WORK TASK
What are the lines below, starting at the line containing "door front front right MAZDA CX5 and 12" and ending at the line containing "Wöhner S620-L Universal"? Write them out exactly, ends included, without pictures.

RAW DATA
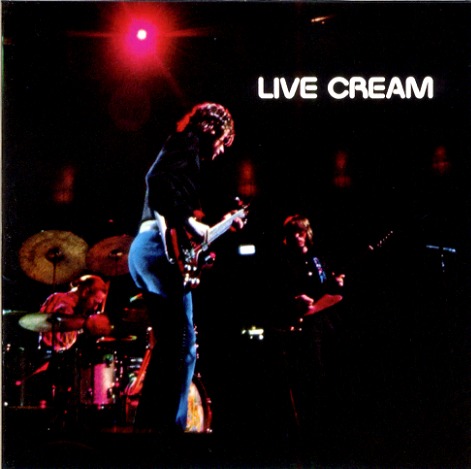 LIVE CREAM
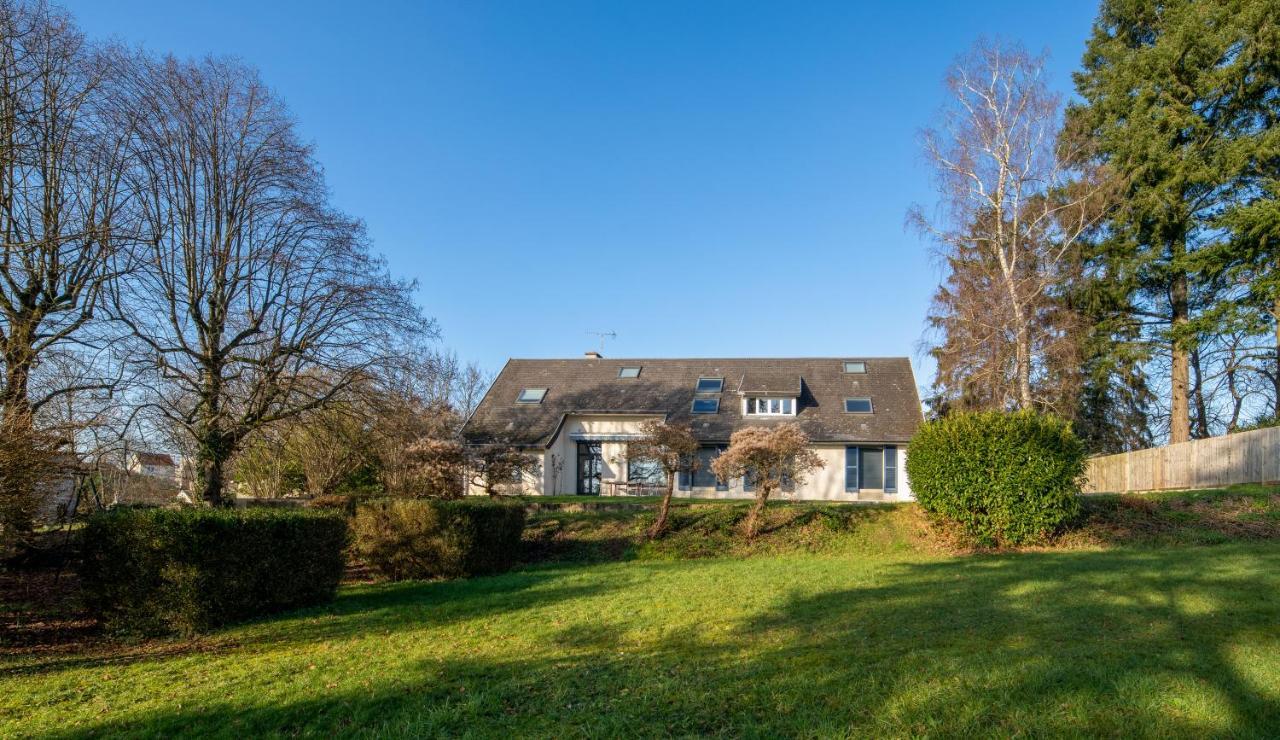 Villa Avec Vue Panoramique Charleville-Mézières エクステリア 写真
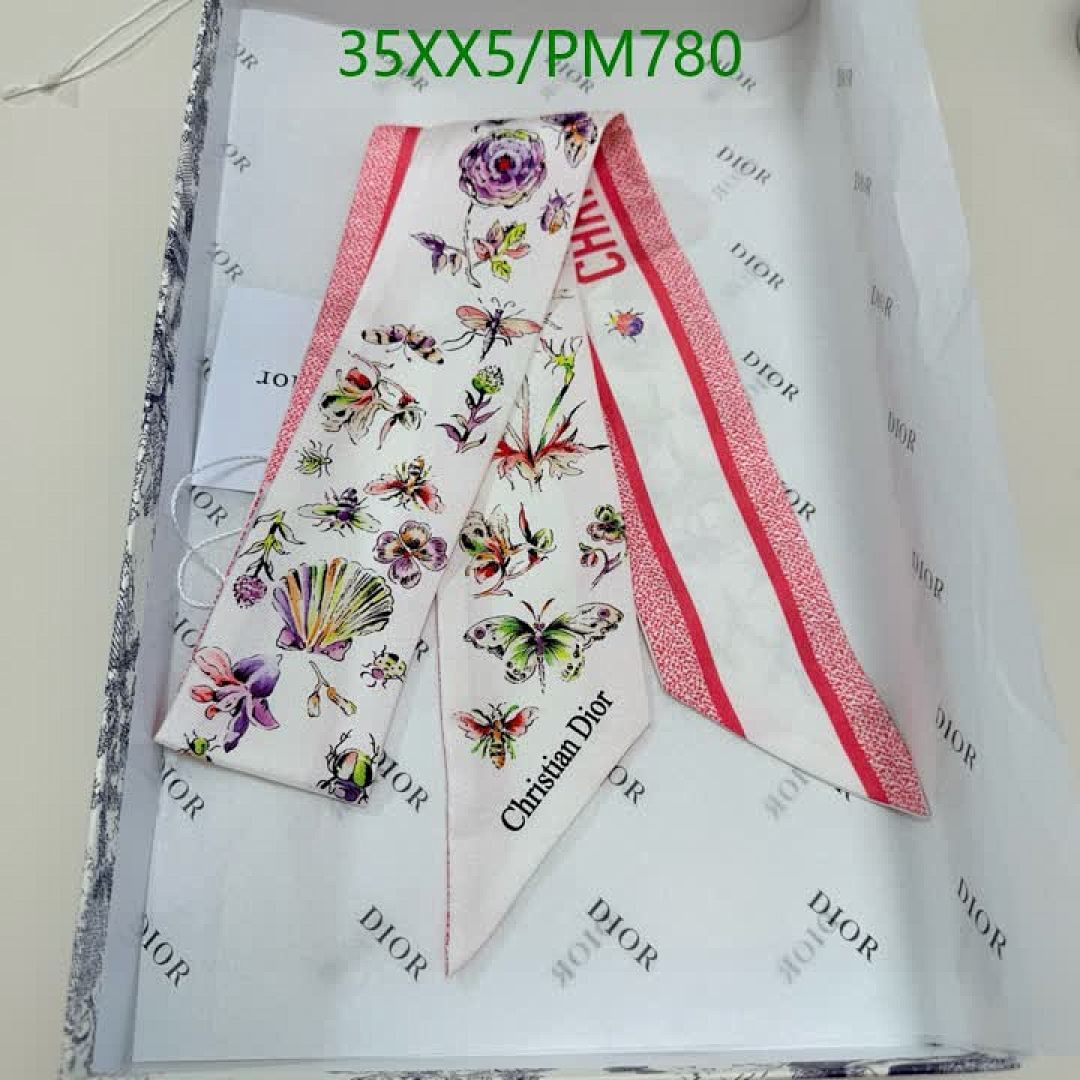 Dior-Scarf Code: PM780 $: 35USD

...

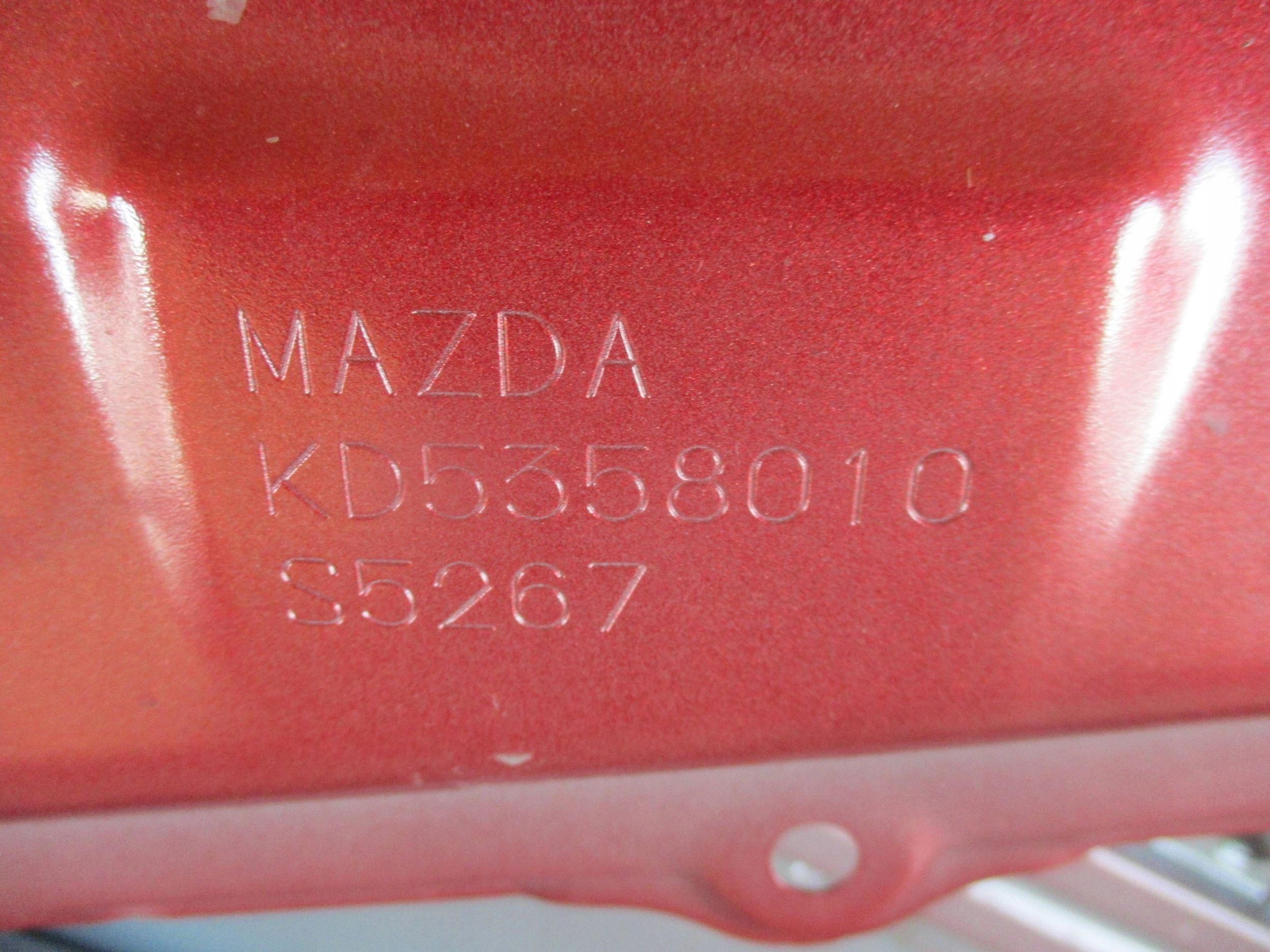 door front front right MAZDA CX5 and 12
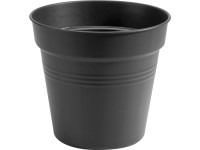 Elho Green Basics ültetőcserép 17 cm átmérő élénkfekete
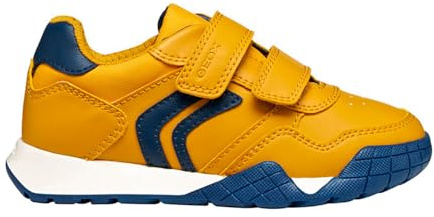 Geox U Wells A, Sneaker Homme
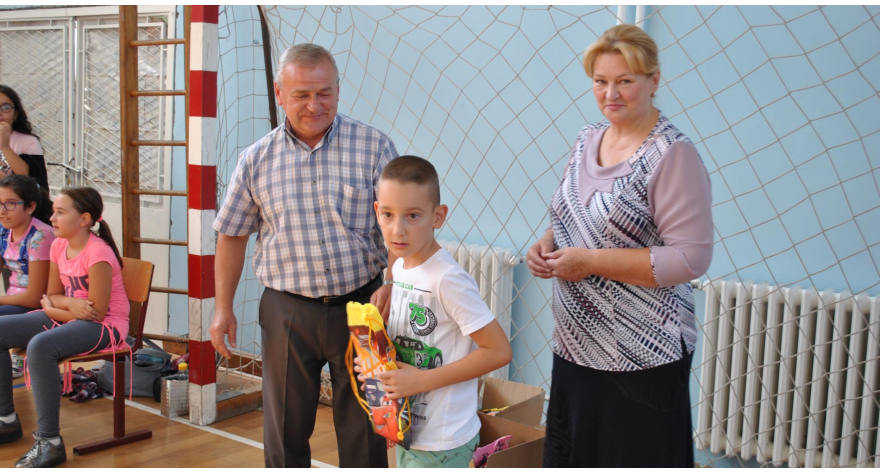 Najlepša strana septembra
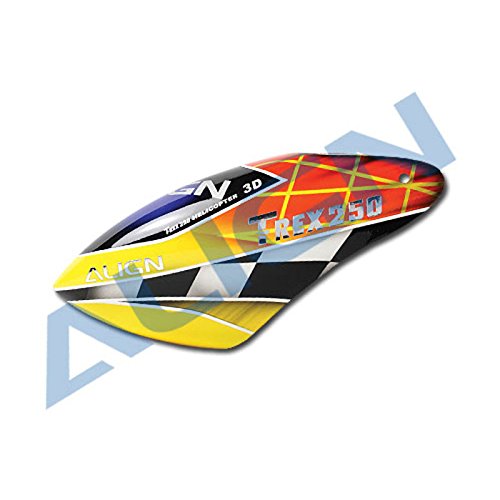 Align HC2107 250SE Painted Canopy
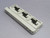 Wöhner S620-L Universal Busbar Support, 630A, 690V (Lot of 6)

ANSWER TO THE PROBLEM
 door front front right MAZDA CX5 and 12
 Elho Green Basics ültetőcserép 17 cm átmérő élénkfekete
 Geox U Wells A, Sneaker Homme
 Najlepša strana septembra
 Align HC2107 250SE Painted Canopy
 Wöhner S620-L Universal Busbar Support, 630A, 690V (Lot of 6)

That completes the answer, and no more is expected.